For a chaotic model, a single 'blip', at the appropriate place can completely change the behaviour - hence 'the butterfly effect'.

"Completely change the behavior" sounds wrong to me.

The truncation and rounding errors in numerical method are considered a small perturbation as well, that is, the resulting long-term (chaotic) trajectory for a given initial condition will eventually diverge from such trajectory calculated by any other method. So it makes more sense to define dynamical "behavior" of a chaotic system not from its precise trajectory, but from measures of the strange attractor the trajectory produces, like the Luapunov exponent or the geometry of the stable and unstable manifolds [1]. In that way "behavior" can be defined in terms of how the phase space is mixed and folded, which is a necessary dynamics for chaos.

[1] https://www.bohrium.com/en/sciencep...stable_and_unstable_manifolds_of_chaotic_sets - This site is new to me, but at first glance the description here sounds valid. The topic is treated in many text books on chaos.

 

[sophiecentaur]

So it makes more sense to define dynamical "behavior" of a chaotic system not from its precise trajectory, but from measures of the strange attractor the trajectory produces,

That's a good point. Chaotic systems need a different approach from standard deterministic (right word?) systems. I've heard this sort of comment about weather forecasting models which identify which way they're going and switch from one mode to another when it ;looks like a chaotic pattern is approaching.

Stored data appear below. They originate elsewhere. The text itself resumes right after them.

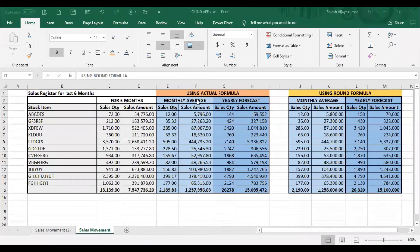Hello, Namaskaram. In our video, ROUND, ROUNDUP, and ROUNDDOWN are very important Excel formulas. These rounding formulas are very useful for budget and forecast.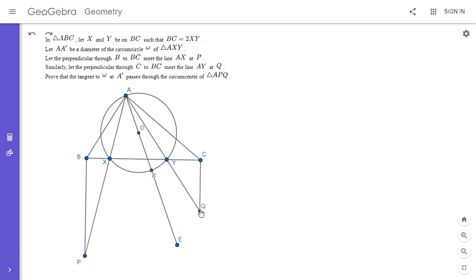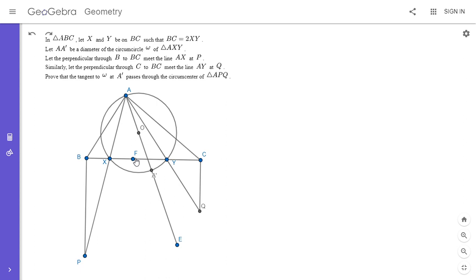I'm going to do one other thing whose motivation I'll explain later. We want to use the fact that BC equals 2XY. Basically, that means if we reflect B over point X and reflect C over point Y, their reflections would be the same point — I'll call that point F. So we can find a point F such that BX equals XF and CY equals YF.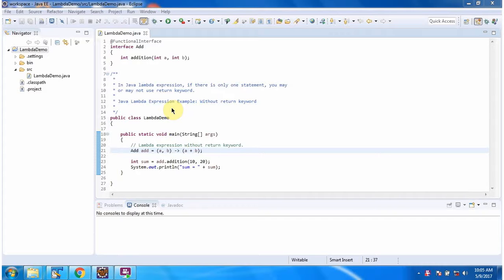Hi, in this video tutorial I will cover lambda expression example without return keyword.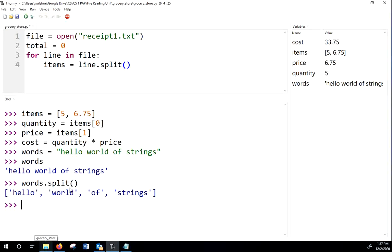And so we say words.split, and you can see that it returns a list where each different word is a different element. Now, you can also change what you split around, like if for some reason it's comma-separated, which we'll look at later, you could split around a comma. You just put that in the parentheses, but the default is space. All right. So back here, that's what we're going to do. We're going to have line.split.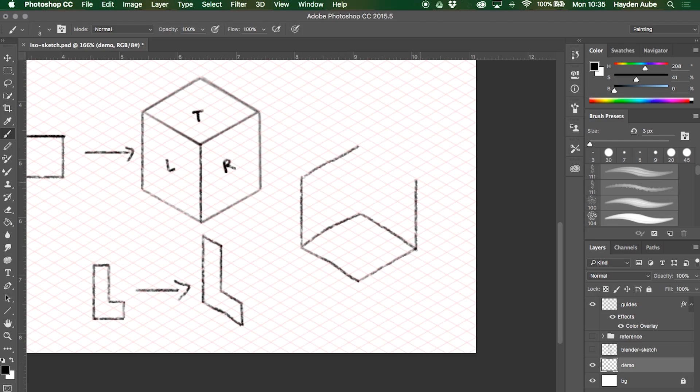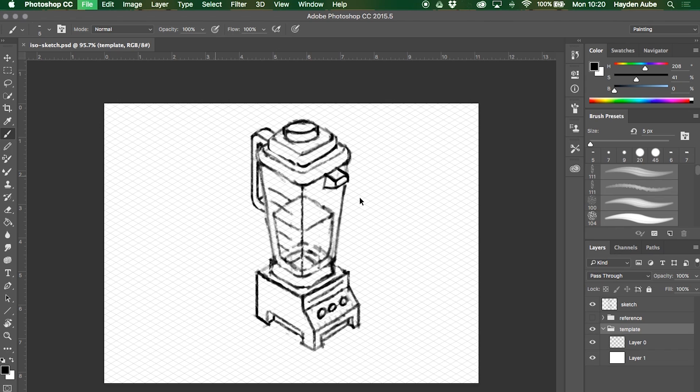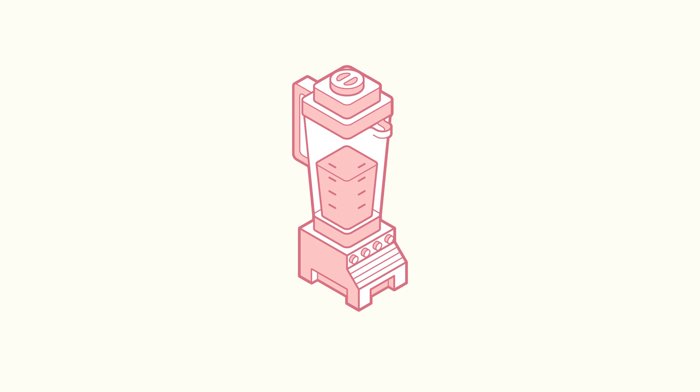So in this class we're going to be making an awesome illustration of just an everyday object around the house in Adobe Illustrator. We'll start out by going over the fundamentals of working in isometrics and then use that to create a sketch and then our finished design.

So you want to build a real electronic Chua oscillator, to generate a real random sequence? Then how will you implement Chua's diode with real components?

Why are you getting combative about this? There a millions of circuits which will never display chaotic behaviour and your average simulator is well suited to them. There will always be a good mapping between reality and simulation there. But is it true that any randomly chosen chaotic system will behave the same as the simulation unless the relevant simulation parameters are all included and not 'assumed' when the simulator enters its stock values?
If you remember, You took exception to my comment about simulations 'not being real' but (unless we are living in 'The Matrix') it is valid. It wasn't a criticism; I was just introducing a caveat.

 

[Baluncore]

Why are you getting combative about this?

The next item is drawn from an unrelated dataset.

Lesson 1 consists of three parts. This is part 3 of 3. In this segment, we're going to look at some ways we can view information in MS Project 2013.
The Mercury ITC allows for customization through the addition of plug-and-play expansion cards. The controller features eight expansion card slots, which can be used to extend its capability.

It is you who is combative.

 

[Filip Larsen]

Chaotic systems need a different approach from standard deterministic (right word?) systems.

Indeed.

Regarding the name you could call them non-chaotic, classical or perhaps quasi-linear deterministic systems. For dissipative systems these are systems with only the simple phase space attractors you also see for linear systems, such as isolated fix-points (e.g. hard non-linear die tossing) or limit-cycles (e.g. a near-linear driven damped oscillator).

 

[sophiecentaur]

It is you who is combative.

Well, I get cross when someone refuses to accept a perfectly valid comment about the limitations of Simulators. Your comment about simulating a random signal generator with LTSpice is clearly nonsense and I never suggested it. I will calm down when you acknowledge that a simulation is not 'real' in the sense that it is only valid under certain conditions. You want it to be a panacea?

 

[Baluncore]

I will calm down when you acknowledge that a simulation is not 'real' in the sense that it is only valid under certain conditions. You want it to be a panacea?

This thread is about Chua's Oscillator, what do you not understand?

 

[Swamp Thing]

I have installed ngspice (RPi-5), but haven't got around to experimenting with it. However, it's possible to do thought experiments and refine one's ideas while doing other life stuff.

This has led me to discard the idea that there should be a momentary increase in disspiation exactly while the system is passing from one lobe of the attractor to the other (crossing over the separatrix ??).

The motivation for such an idea was the fact that the oscillation needs to regrow itself after those lobe-to-lobe transitions. However, it now seems to me that the dissipation could be occurring during the overshoot after crossing the separatrix (or whatever the barrier between lobes is called). This overshoot takes us into the region where the negative resistance of Chua's diode drops ( --> less gain) while the positive resistance of the conventional resistor of course remains fixed (--> same loss).

I hope to test this using suitable probes and computed plots in a day or two.

Edit: All this thinking about an oscillation quenching and regrowing in sync with a lower frequency square wave has just reminded me of the venerable superregenerative receiver. Could it be that chaos and attractors have been lurking in our midst since the vacuum tube era? Wait, didn't someone mention 1911 in this thread?

 

[Baluncore]

However, it now seems to me that the dissipation could be occurring during the overshoot after crossing the separatrix (or whatever the barrier between lobes is called). This overshoot takes us into the region where the negative resistance of Chua's diode drops ( --> less gain) while the positive resistance of the conventional resistor of course remains fixed (--> same loss).

That is correct.
Energy increases until it climbs out of one attractor, then from the crest of the saddle, it overshoots the destination attractor, encountering the far soft wall, that attenuates or dumps some energy. It is then shepherded between that wall and the saddle, until it can again escape from the local attractor.